$780,000 with Bug Bounty

Introduction

I've made $ 789,000 in a span of three months. Yes, that is absolutely insane. The vulnerability I've exploited the most, or at least found the most, would be XML entity expansion attacks, SQL injection attacks, and some SSRF attacks as well.

Would you rather focus on one or two vulnerabilities and get very good at finding them, or have a general knowledge of the OS top 10 and look for each one?
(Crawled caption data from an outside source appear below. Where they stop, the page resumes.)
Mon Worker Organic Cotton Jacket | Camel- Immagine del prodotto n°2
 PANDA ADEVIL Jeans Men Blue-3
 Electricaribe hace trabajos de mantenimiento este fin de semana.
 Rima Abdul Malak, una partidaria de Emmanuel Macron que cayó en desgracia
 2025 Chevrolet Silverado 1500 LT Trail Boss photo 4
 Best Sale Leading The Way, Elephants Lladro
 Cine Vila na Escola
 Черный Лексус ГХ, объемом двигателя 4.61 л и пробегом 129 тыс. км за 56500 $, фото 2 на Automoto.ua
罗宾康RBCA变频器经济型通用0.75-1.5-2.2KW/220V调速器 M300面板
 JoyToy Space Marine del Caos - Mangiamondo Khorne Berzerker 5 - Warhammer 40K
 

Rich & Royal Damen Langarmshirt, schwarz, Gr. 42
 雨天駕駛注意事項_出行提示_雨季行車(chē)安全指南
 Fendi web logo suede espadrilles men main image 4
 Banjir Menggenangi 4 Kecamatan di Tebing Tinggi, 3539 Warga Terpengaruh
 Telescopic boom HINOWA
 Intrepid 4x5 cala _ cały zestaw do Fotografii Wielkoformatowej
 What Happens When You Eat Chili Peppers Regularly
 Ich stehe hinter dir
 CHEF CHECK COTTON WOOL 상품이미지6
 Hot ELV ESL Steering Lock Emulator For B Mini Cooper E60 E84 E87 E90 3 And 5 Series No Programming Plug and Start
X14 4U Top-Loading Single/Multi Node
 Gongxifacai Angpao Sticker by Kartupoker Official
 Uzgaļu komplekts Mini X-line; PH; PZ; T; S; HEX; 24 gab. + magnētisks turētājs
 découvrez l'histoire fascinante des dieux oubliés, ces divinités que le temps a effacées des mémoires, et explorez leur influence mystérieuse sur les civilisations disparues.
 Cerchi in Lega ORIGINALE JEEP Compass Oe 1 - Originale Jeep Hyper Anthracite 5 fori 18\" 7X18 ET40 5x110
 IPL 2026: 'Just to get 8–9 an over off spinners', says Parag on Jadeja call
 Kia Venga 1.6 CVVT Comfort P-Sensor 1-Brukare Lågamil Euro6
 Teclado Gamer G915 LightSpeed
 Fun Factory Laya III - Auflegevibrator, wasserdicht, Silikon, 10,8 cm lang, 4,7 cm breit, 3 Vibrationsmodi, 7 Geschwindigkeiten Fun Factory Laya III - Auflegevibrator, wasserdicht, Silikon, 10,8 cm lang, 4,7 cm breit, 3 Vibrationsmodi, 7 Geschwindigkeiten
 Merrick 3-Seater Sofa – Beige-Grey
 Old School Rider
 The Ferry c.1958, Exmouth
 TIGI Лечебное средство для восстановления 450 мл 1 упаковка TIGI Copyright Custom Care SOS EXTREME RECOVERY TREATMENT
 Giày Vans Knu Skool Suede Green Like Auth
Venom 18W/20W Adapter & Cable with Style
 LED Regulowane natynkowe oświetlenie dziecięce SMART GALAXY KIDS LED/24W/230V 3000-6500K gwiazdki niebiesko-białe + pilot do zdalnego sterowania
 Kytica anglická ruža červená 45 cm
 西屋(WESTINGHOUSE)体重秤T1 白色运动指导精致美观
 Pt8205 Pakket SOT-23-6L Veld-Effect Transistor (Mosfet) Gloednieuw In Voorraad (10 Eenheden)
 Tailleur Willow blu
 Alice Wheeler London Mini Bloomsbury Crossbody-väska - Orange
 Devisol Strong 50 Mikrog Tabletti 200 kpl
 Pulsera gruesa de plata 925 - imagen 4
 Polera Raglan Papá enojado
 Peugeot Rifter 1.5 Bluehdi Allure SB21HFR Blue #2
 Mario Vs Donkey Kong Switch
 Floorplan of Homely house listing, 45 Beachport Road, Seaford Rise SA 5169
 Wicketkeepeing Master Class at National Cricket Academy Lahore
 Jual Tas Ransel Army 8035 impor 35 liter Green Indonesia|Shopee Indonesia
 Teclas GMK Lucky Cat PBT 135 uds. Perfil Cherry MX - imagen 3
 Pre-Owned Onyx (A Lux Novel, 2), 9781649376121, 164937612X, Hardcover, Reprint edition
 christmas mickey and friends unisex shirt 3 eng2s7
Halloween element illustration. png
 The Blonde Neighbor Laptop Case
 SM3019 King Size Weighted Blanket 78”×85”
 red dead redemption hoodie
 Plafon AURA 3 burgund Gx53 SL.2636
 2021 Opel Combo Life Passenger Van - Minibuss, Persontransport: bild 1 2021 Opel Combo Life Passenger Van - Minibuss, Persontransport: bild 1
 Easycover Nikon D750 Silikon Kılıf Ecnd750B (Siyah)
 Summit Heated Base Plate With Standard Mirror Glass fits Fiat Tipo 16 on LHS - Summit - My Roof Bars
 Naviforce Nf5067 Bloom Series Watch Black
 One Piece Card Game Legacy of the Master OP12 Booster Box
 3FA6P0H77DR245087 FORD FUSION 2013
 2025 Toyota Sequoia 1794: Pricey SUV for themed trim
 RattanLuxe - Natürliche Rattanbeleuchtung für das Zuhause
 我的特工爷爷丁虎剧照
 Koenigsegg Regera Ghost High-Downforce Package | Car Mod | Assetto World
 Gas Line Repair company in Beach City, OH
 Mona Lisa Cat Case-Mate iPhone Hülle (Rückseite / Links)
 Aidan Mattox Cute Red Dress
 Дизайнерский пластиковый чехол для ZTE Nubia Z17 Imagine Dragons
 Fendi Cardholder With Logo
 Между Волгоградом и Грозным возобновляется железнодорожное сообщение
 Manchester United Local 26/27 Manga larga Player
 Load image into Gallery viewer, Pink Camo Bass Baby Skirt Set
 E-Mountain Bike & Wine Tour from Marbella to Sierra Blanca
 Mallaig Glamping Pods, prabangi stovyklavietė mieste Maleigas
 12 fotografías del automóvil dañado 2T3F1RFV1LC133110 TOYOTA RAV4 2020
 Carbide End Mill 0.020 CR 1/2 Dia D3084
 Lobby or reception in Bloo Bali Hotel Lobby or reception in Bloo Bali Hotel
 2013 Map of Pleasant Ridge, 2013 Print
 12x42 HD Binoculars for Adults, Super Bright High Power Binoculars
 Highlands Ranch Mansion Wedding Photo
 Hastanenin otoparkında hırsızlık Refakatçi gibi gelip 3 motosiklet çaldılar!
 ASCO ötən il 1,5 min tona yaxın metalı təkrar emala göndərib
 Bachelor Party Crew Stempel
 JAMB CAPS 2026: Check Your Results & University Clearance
Expertise any given day. I focused on one—SQL injection—though I would find cross-site scripting, CSRFS, I completely ignored them.

Keywords

• $ 789,000
• Three months
• XML entity expansion
• SQL injection
• SSRF attacks
• Focus and expertise

FAQ

Q1: How much did you earn with bug bounty in three months? A1: I earned $ 789,000 in three months.

Q2: Which vulnerabilities did you exploit the most? A2: XML entity expansion attacks, SQL injection attacks, and SSRF attacks.

Q3: Do you prefer to focus on one vulnerability or have a general knowledge of multiple vulnerabilities? A3: I prefer to focus on one vulnerability and excel in that. My specialty is SQL injection.

Q4: Do you bother with other types of vulnerabilities like cross-site scripting or CSRFs? A4: No, I completely ignored them and focused on my expertise in SQL injection.